Я отправился за час до рассвета к тому месту в порту, где стоял на якоре «Крыло Петрела», – воды залива Лэндфол были на удивление спокойными для этого времени года. Поднявшись по трапу на борт, я вспомнил, что так и не нашел курьера, который доставил бы мое прощальное письмо леди Оне и Шоли – и оно все еще лежало в складках моей туники. Целиком поглощенный самыми разными чувствами, я про него совсем забыл. Более того, в голове у меня теснилось столько мыслей, что я едва отвечал на приветствия матросов, когда шагал к каюте моего господина, чтобы положить там свои вещи. К моему удивлению, Хакатри лежал на узкой койке, словно провел здесь всю ночь.

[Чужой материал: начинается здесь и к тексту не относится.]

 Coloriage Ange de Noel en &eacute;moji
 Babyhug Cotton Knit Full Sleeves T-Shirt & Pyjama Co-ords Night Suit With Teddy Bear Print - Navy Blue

– Вам нехорошо, милорд? – спросил я.
Он открыл глаза и слабо улыбнулся.
– У меня была плохая ночь, Памон.
– Ваши раны? Жар?
Он покачал головой.
– Я прощался с женой и ребенком. Моя маленькая дочь не позволила мне себя обнять. «Нет, ты меня обожжешь», – сказала она. Я думаю, она знала, что это не так.
Он был несчастлив, и я не стал говорить, что дочь не считает его настоящим отцом.
– Мне очень жаль, милорд.
– Тут уже ничем не поможешь. – Хакатри снова закрыл глаза. – Я ничего не в силах для них сделать. Я не могу жить с их тщетной любовью. Где-то я найду помощь – лекарство или какое-то средство, которое позволит ослабить проклятую бесконечную боль и безумие моих снов. Однажды я вернусь и все для них исправлю – для семьи и тех, кого разочаровал. – Его слова больше походили на сон, чем на то, во что он действительно верил, и мое сердце заболело от сочувствия. Я испытывал жалость и к себе, но не мог позволить предательским мыслям всплыть на поверхность до того, как Асу'а останется далеко позади.
В залив Лэндфол впадает несколько притоков, но вытекает лишь одна великая река – Тинак'оро, Океанская дорога. В некоторых местах безмятежная, как пруд, в других течение набирает силу, и она становится опасной из-за подводных камней и встречных течений, Океанская дорога является настоящим вызовом даже для опытных моряков, но с капитаном Ийято у руля мы быстро вышли в океан.
Я стоял у кормовых поручней и смотрел, как в утреннем тумане исчезают яркие башни и стены Асу'а. Позднее, когда мы подошли к устью реки, я любовался нефритовыми пространствами раскинувшегося в мерцавших лучах солнца моря, и в моей памяти всплыли давние слова матери: «Однажды ты ощутишь биение сердца Моря Снов». Нет, этот день еще не настал, но я что-то почувствовал, когда мы оставили реку далеко позади, и внезапно мне показалось, что вскоре случится нечто важное. Дети океана – вот что в переводе значит тинукеда'я. Океанские дети.